Certaines pièces nous aimantent. Nous les voyons et n’avons plus qu’un désir, les revoir. Comme si nous ne pouvions quitter les personnages, devenus pour nous de véritables personnes avec lesquelles un rendez-vous nous était devenu indispensable.

Saïgon fait partie de ces pièces. Impossible de se défaire de l’attirance qu’elle a exercée sur nous et nous a poussés à la revoir.

La pièce écrite par la franco-vietnamienne Caroline Guiela Nguyen de la Cie  » Les Hommes Approximatifs « , ancienne élève de l’école du TNS ,nous propose un voyage. En effet au cours de cette longue représentation, nous irons de Paris à Saïgon, reviendrons à Paris pour terminer à Hô Chi Minh-ville. Ces allées et venues, ce sont celles qu’ont effectuées de nombreux exilés que l’histoire a bousculés entre 1956 et 1996. C’est donc aussi un voyage à travers l’histoire.

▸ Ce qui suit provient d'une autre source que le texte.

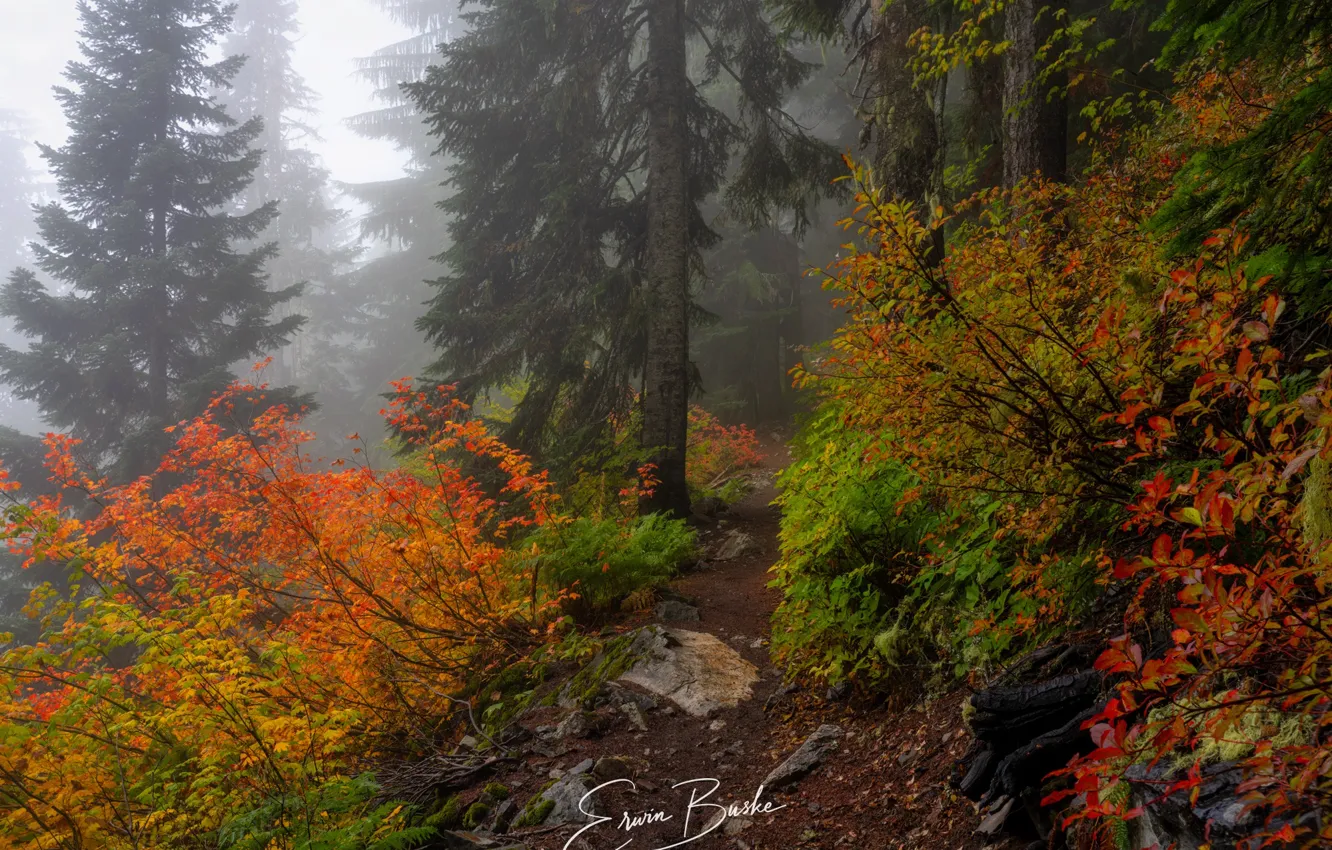Photo wallpaper autumn, forest, trees, nature, fog, path, shrubs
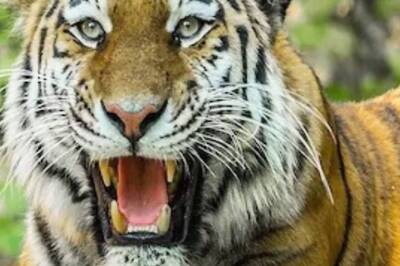 World Wildlife Day 2022: Top 5 Tourist Places to Enjoy Nature and Wildlife in India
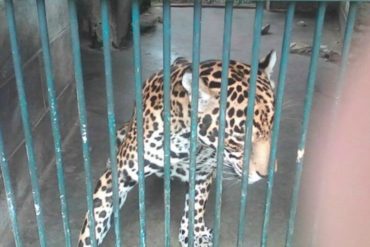 ¡CRISIS HUMANITARIA! Animales del Jardín Botánico de Barinas llevan 2 semanas sin recibir alimentos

Tout commence en 1996, dans le XIIIème arrondissement de Paris, dans le petit restaurant vietnamien tenu par Marie-Antoinette, petite bonne femme empressée, volubile, accueillante qui va et vient auprès de ses clients, s’inquiétant de leur contentement. Une image de l’hospitalité vietnamienne (remarquable interprétation de Anh Tran Nghia). On la retrouvera, dans cette même fonction dans le restaurant au cadre identique (scénographie très réaliste signée Alice Duchange) mais cette fois à Saïgon en 1956. Elle donne corps à ce va- et- vient entre l’histoire et la tragédie.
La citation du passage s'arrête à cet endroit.